§ Directions: Set down only these lines, exactly: the line containing "Young boy holding" and all lines through the end of the data below. Omit pictures.

§ Data extract:
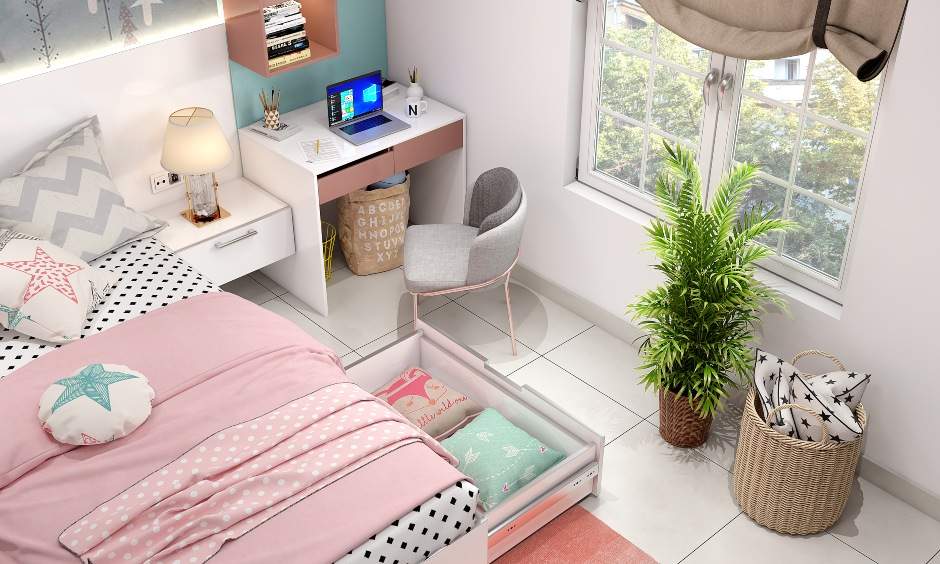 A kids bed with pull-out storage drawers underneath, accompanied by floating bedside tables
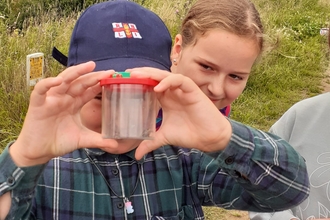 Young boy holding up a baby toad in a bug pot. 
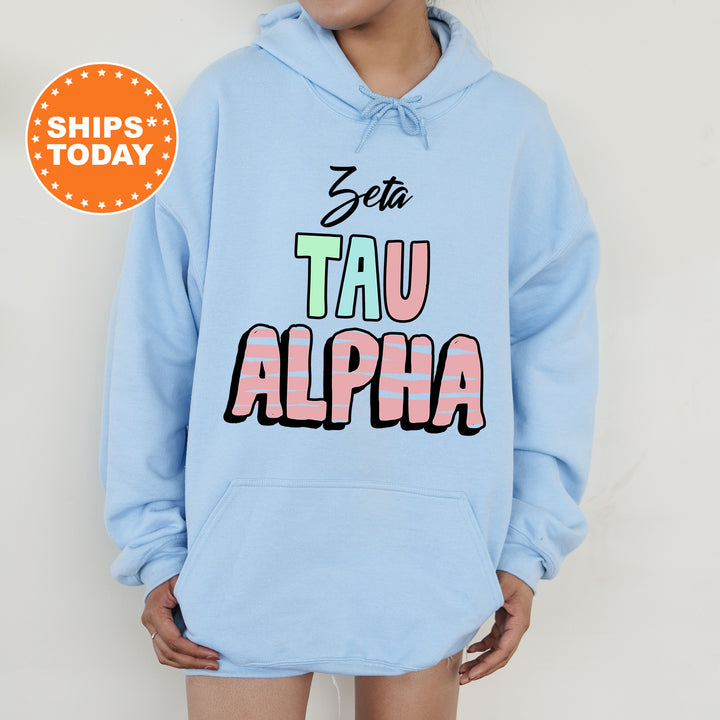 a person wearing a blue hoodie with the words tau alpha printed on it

§ Written reply:
 Young boy holding up a baby toad in a bug pot. 
 a person wearing a blue hoodie with the words tau alpha printed on it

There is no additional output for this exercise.